All of the features and capabilities of S.M.A.R.T. drives sound great but how does one collect S.M.A.R.T. attribute information or control drive self-tests and obtain the logs?
smartmontools
Fortunately for Linux types, an open source project, smartmontools, allows you to interact with the S.M.A.R.T. data in drives on your systems. Using this tool, you can query the drives to gather information about them, or you can test the drives and gather logs. This kind of information can be an administrator’s dream because it can be used to keep track of the system configuration, as well as the state of the drives (more on that later).
Smartmontools is compatible with all S.M.A.R.T. features and supports ATA/ATAPI/SATA-3 to -8 disks and SCSI disks and tape devices. It also supports the major Linux RAID cards, which can sometimes cause difficulties because they require vendor-specific I/O control commands. Check the smartmontools page for more details on your specific card.

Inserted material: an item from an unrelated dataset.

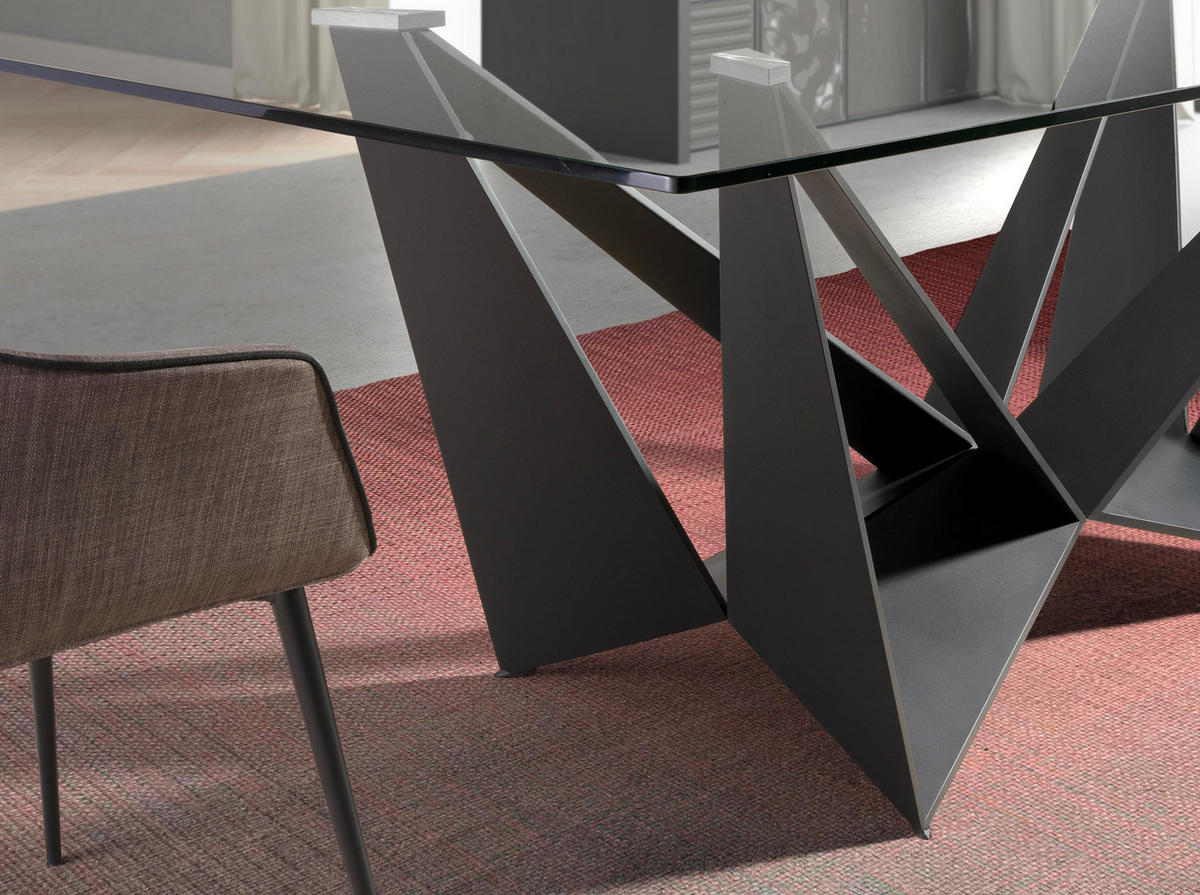 ESSTISCH Rechteckig Schwarz Kristall 240/120/75 cm - Transparent/Schwarz, Metall (120/240/75cm) - ANGEL CERDA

For this article, I’ll be using a freshly installed CentOS 6.4 distribution on a newly built system with smartmontools installed using yum. I also made sure the smartmontools daemon, smartd, starts with the system by using chkconfig smartd on.
I will illustrate some things that smartmontools can do by exploring two types of drives in my system. The first is a Samsung 840 SSD (120GB), and the second is a Seagate Barracuda 3TB SATA drive. I want to test both types of drives so you can see how the output differs, particularly for SSDs that don’t have rotating media.
First Steps
Before using smartmontools, you might want to read the man pages, but they are rather long, so I hope to give you a few quick ideas on getting started; then, you can read the man pages as needed. The first thing I like to do is an “inquiry” on the drives. The output for the Samsung SSD is:
[root@home4 ~]# smartctl -i /dev/sdb smartctl 5.43 2012-06-30 r3573 [x86_64-linux-2.6.32-358.18.1.el6.x86_64] (local build) Copyright (C) 2002-12 by Bruce Allen, http://smartmontools.sourceforge.net === START OF INFORMATION SECTION === Device Model: Samsung SSD 840 Series Serial Number: S19HNSAD620517N LU WWN Device Id: 5 002538 5a005092e Firmware Version: DXT08B0Q User Capacity: 120,034,123,776 bytes [120 GB] Sector Size: 512 bytes logical/physical Device is: Not in smartctl database [for details use: -P showall] ATA Version is: 8 ATA Standard is: ATA-8-ACS revision 4c Local Time is: Sun Oct 13 09:11:24 2013 EDT SMART support is: Available - device has SMART capability. SMART support is: Enabled
Notice that the command for using smartmontools is smartctl. As this output shows, the drive is S.M.A.R.T. capable, but not in the smartmontools database. Recall that the S.M.A.R.T. attributes can vary from one vendor to another. The smartmontools community contributes information to the database for various drives so that other people can use the information.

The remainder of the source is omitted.